What Organizations Should Do Now
If your organization uses Fortinet/FortiGate VPNs or similar remote access technologies, now is a good time to review your exposure.
Start with these steps:
- Identify all VPN and firewall assets
- Confirm which systems are internet-facing
- Rotate VPN and administrative credentials where appropriate
- Enforce MFA for all remote access
- Review VPN access groups and privileged users
- Disable stale or unnecessary accounts
- Review recent authentication logs
- Validate patching and secure configuration
- Check for exposed management interfaces
- Make sure your security team has visibility across assets and identities
The goal is not just to respond to one headline. The goal is to build a repeatable process for understanding exposure before it becomes an incident.

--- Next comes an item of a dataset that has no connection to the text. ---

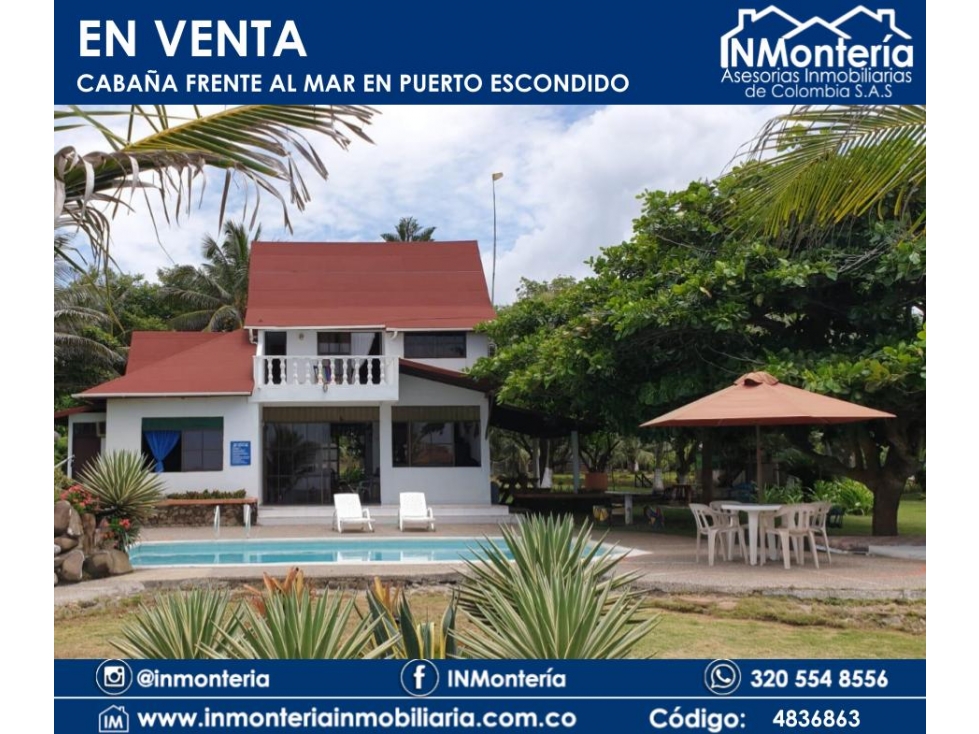 SE VENDE CABAÑA EN PUERTO ESCONDIDO CORDOBA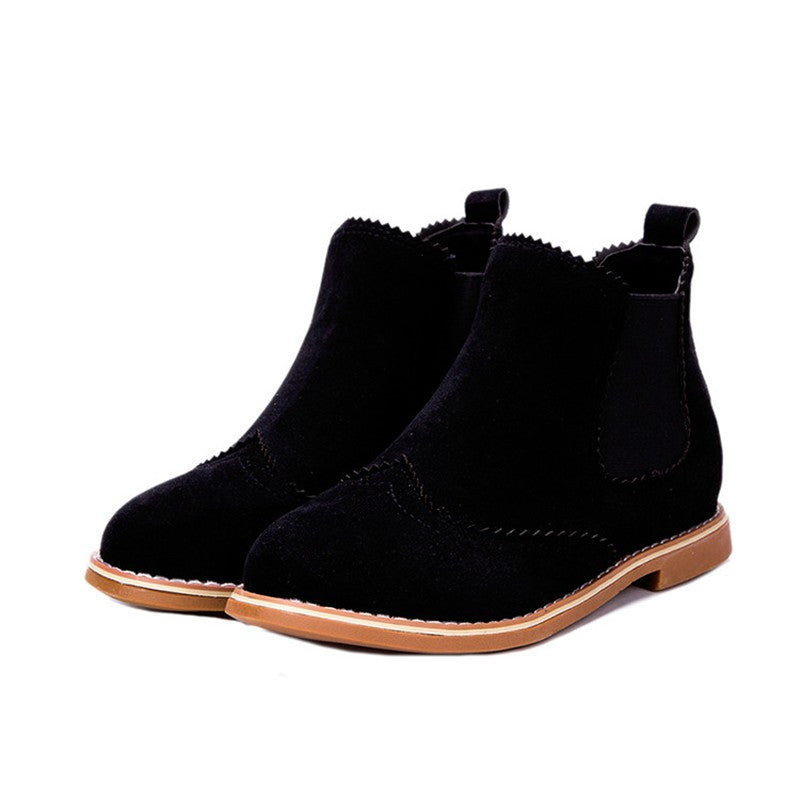 Online discount shop Australia - Designers Brand Women Ankle Boots Flat Heels Shoes Woman Suede Leather Boots Brogue Cut outs Slip on Black Gray Plus Size 40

Visibility Is the First Step Toward Reducing Risk
FortiBleed is a reminder that organizations need to know what they have, who has access, and where the greatest exposure exists.
Sedara ASM helps teams gain that visibility by connecting asset discovery, identity context, security control gaps, and remediation guidance. With the right visibility, organizations can prioritize what matters, respond faster, and reduce the risk created by exposed systems and credentials.
You cannot protect what you cannot see.